In an abbreviated checklist, what the country musical capital has going for it: a slew of top-tier southern food restaurants, like the legendary Prince’s Hot Chicken (extra spicy fried fowl); the Country Music Hall of Fame Museum; the National Museum of African American Music; pour-happy whiskey distilleries; vibrant ‘hoods, including the hip, boho East Nashville, where I’m staying; and of course neon-bedazzled Broadway, where practically every bar — miles of them — is a honky-tonk or a venue hosting crunchy Americana in lieu of touristic cowboy hats.

The Strip slash Honky-Tonk Highway, as it’s alternately dubbed, is also where I will urgently avoid the famed flotillas of inebriated bachelorette bashes that turn the avenue into a twerking, tongue-flashing parade of sorority swillers. In pink cowboy boots, to boot. They should rename it Hell’s Highway.

Nashville’s blinding Broadway

Now, to France. Despite the grungy reputation of Marseille — France’s second largest city, animated by African and Italian immigrants, graffiti, a picturesque port and world-class cuisine — the character-rich, seaside region has found its footing in recent years as a must-do destination. 
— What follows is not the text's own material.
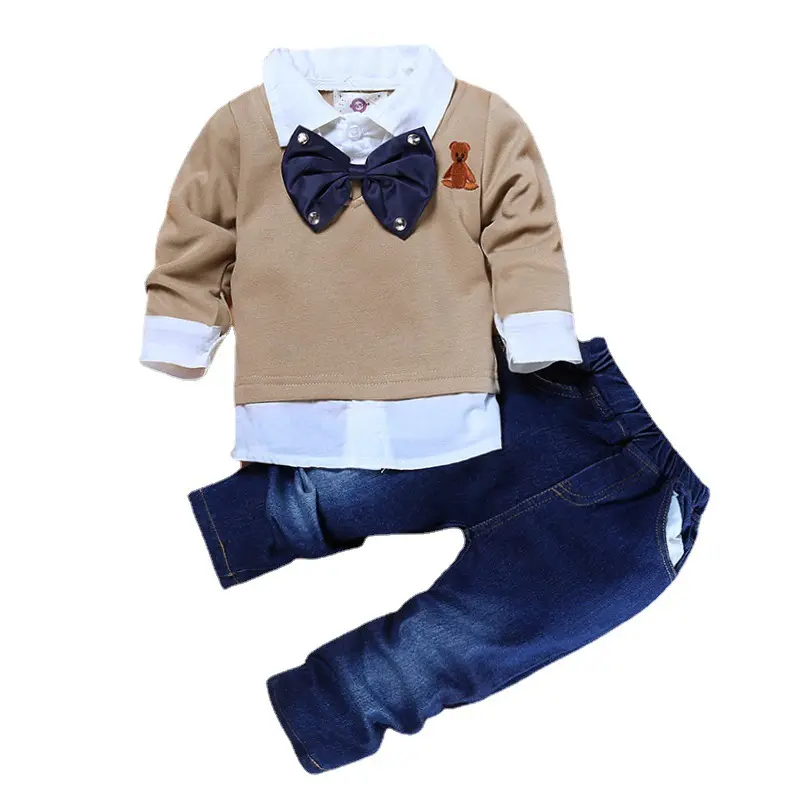 Ritorno a scuola autunno bambino ragazzi maniche lunghe abiti da uomo abito 2 pezzi papillon neonato abbigliamento casual in denim set per bambino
It’s “the underrated city in the South of France that should be on your bucket list,” toots Condé Nast Traveller, calling it an “untamed labyrinth, the dusty-rouge Mediterranean Port City” that delivers everything from grand cathedrals to transcendent bouillabaisse, Marseille’s iconic seafood stew.  

And it’s affordable. For instance, my hotel, the whimsical Mama Shelter Marseille, is less than $100 a night, and it’s no dump. It has personality, pizzaz and a penchant for partying. (Grandpop here is bringing earplugs just in case.)

From Marseille I’ll catch under-an-hour train rides to Aix and Arles. These quaint, leafy, cobblestoned villages in Provence are where Roman ruins — ogle the gaping 2,000-year-old Arles Amphitheater, home to bullfights today — dot the stomping grounds of great painter Cézanne and great paint-eater Van Gogh. Both towns exude Old World charisma, naked charm and uninterrupted beauty. I’ll spend a day in each, then rail back to the grit, graffiti and gormandizing of Marseille.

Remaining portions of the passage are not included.